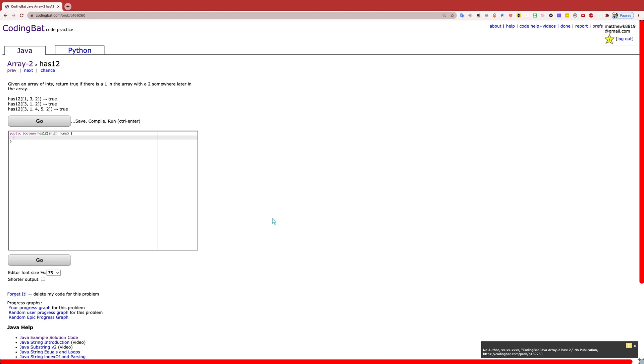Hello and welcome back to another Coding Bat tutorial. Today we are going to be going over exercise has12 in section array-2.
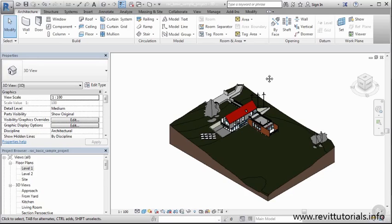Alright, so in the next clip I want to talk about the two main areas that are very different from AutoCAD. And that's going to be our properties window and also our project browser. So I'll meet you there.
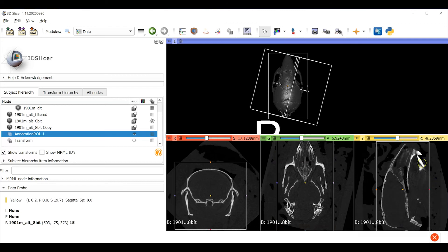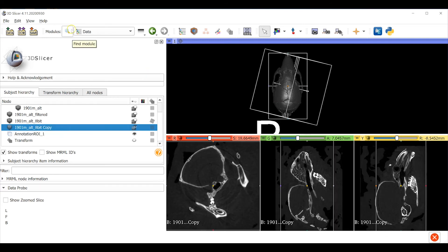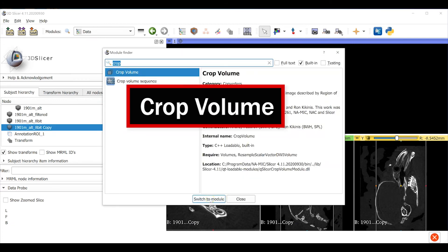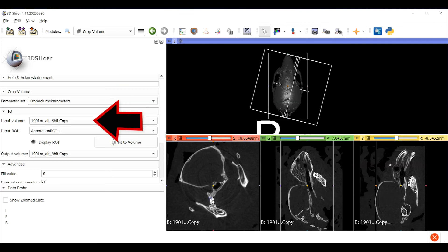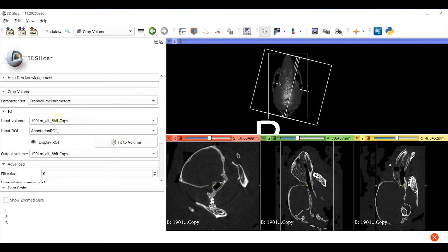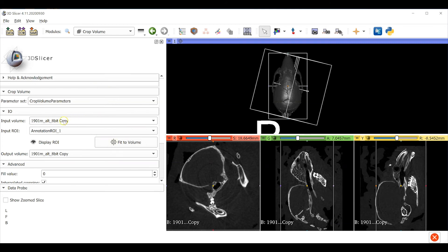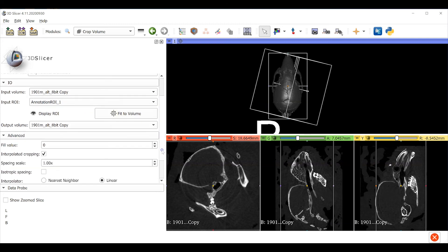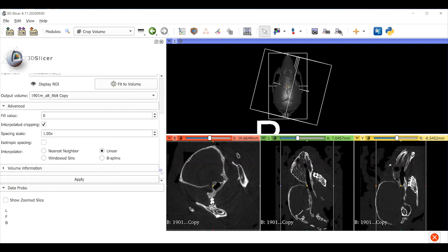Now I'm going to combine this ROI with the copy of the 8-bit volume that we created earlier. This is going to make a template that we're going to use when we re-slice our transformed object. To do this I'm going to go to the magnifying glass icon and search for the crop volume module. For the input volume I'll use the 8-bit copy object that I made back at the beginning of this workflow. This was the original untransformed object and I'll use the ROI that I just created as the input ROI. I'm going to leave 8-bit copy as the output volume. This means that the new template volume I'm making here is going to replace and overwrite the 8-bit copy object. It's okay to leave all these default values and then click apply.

==

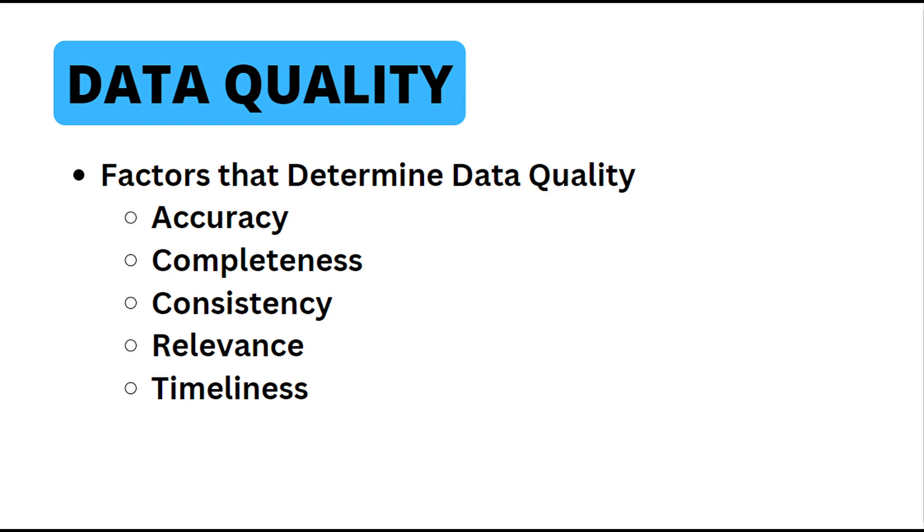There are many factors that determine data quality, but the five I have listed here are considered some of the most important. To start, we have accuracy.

Work item:
Only the lines starting at the one with "Hello and welcome" and ending at the one with "Alright, so in" should be printed, each exactly as it appears in the material above; the pictures are to be omitted.

Solution:
Hello and welcome back to another Coding Bat tutorial. Today we are going to be going over exercise has12 in section array-2.
Alright, so in the next clip I want to talk about the two main areas that are very different from AutoCAD. And that's going to be our properties window and also our project browser. So I'll meet you there.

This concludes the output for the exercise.